• [EXERCISE REQUIREMENTS]:
Repeat the data that follows exactly, starting at the line with "900m² Warehouse to" and ending at the line with "Pool BlueSky Arniston Guest House", and leave out every picture.

• [THE DATA]:
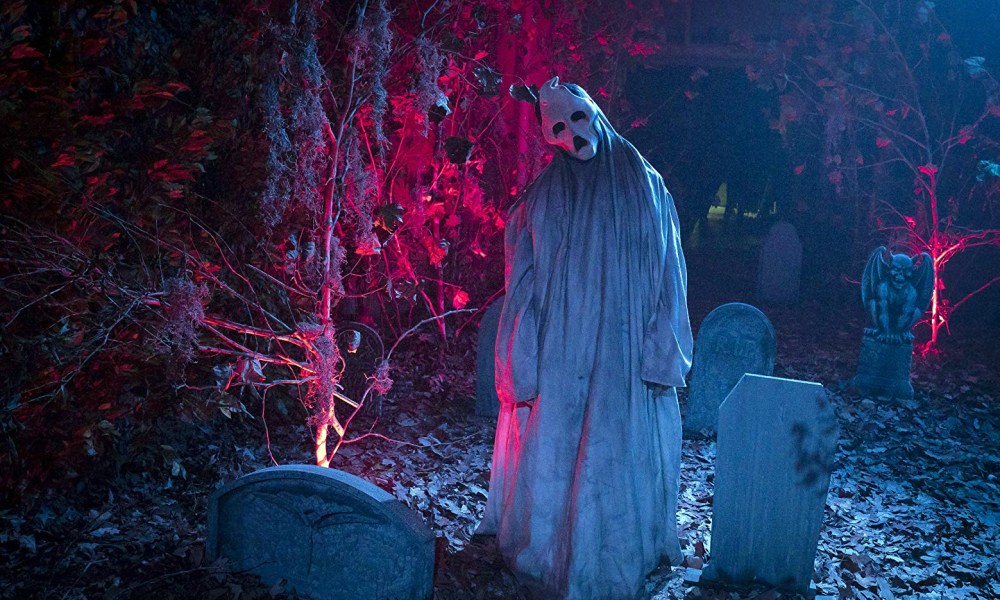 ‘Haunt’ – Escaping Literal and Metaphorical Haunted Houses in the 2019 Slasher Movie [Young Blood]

---

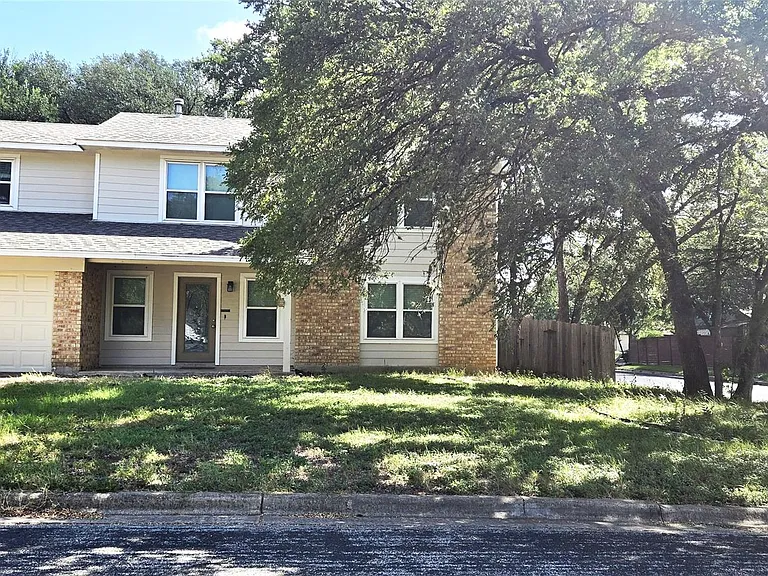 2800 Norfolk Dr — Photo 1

---

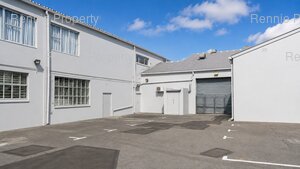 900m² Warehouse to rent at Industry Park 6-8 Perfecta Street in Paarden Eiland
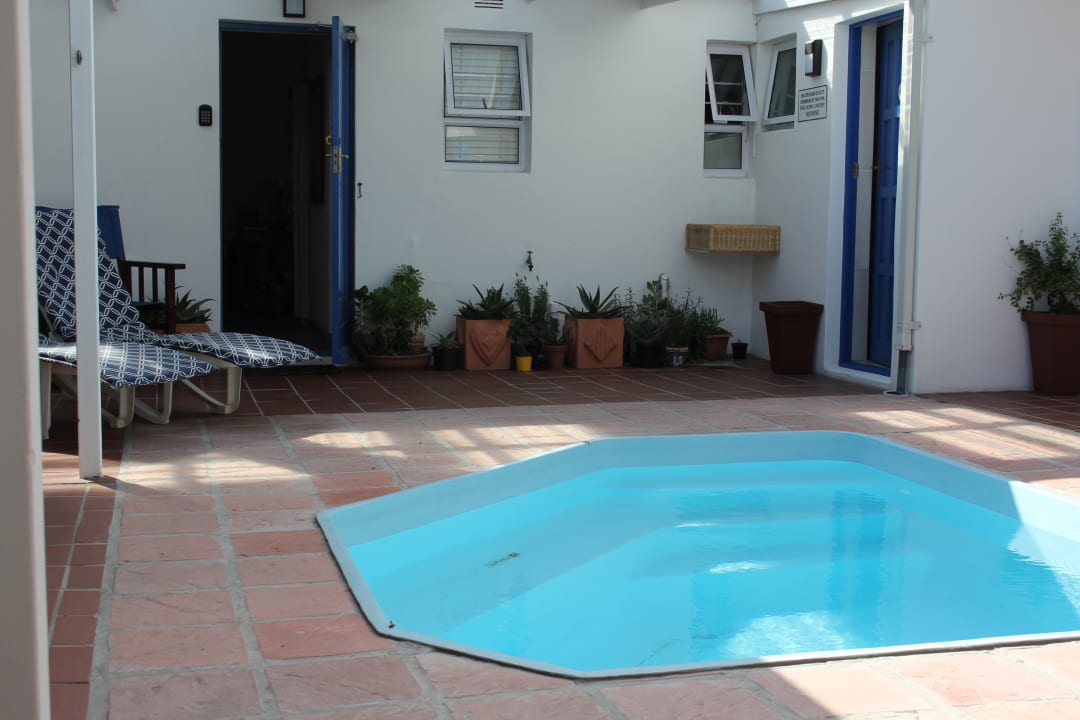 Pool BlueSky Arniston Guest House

• [RESULT FOR THIS EXERCISE]:
 900m² Warehouse to rent at Industry Park 6-8 Perfecta Street in Paarden Eiland
 Pool BlueSky Arniston Guest House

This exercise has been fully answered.